*DATA SEGMENT*.
+ + + + + + +

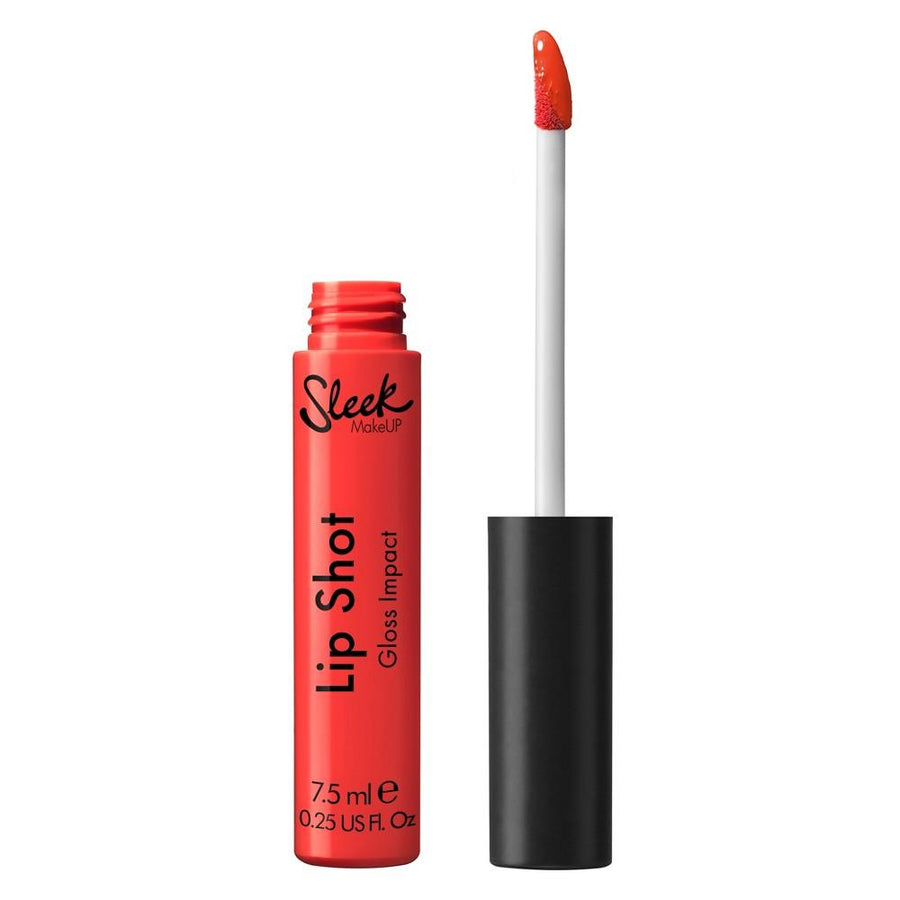 SLEEK Lip Shot Gloss Impact Lipgloss #GAME-PLAYER - Parfumby.com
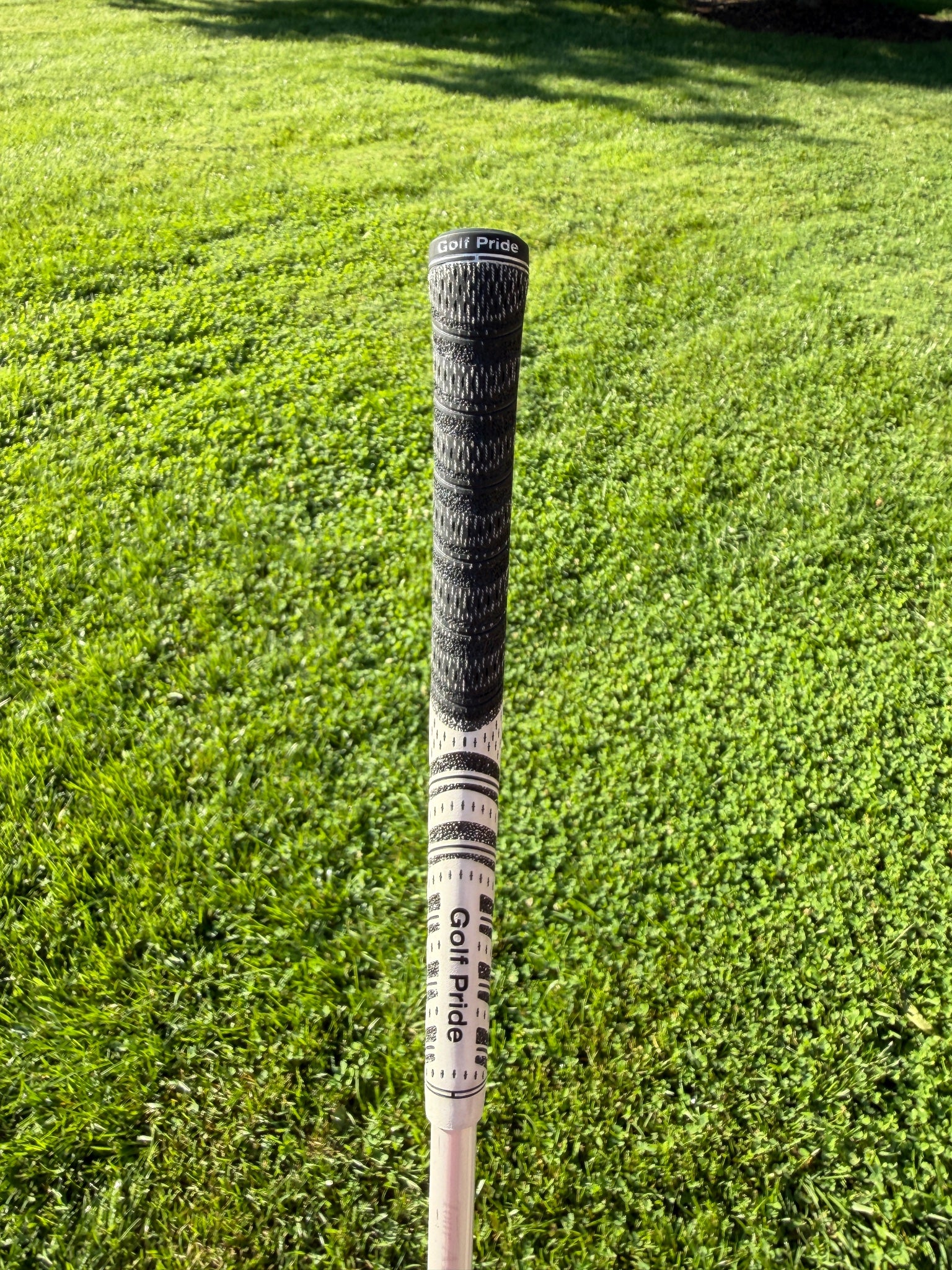 Graphite Design Tour AD DI-8X Extra Stiff Fairway Wood Shaft No Tip 41.25" NICE — photo 5
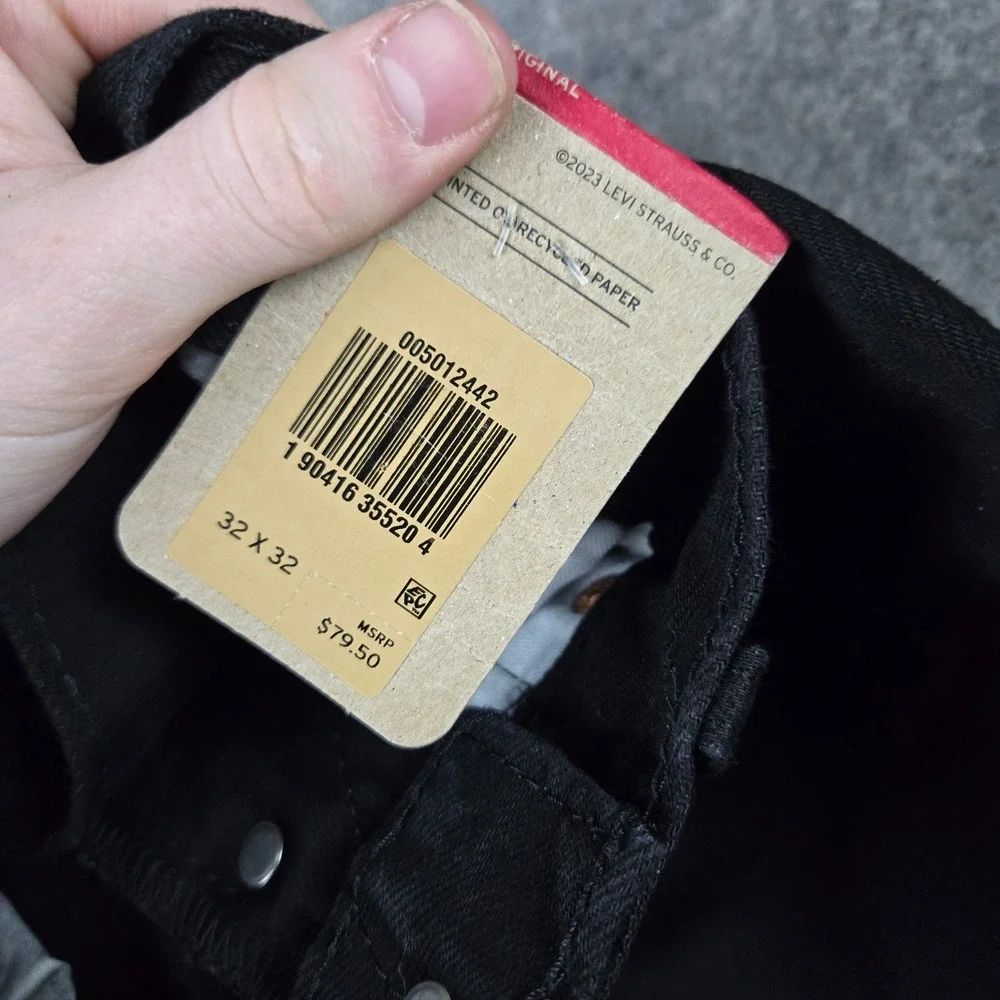 Levis americana classic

+ + + + + + +

*TASK DESCRIPTION*. Reprint all the data above verbatim, excluding pictures.

*RESPONSE TO THIS EXERCISE*.
 SLEEK Lip Shot Gloss Impact Lipgloss #GAME-PLAYER - Parfumby.com
 Graphite Design Tour AD DI-8X Extra Stiff Fairway Wood Shaft No Tip 41.25" NICE — photo 5
 Levis americana classic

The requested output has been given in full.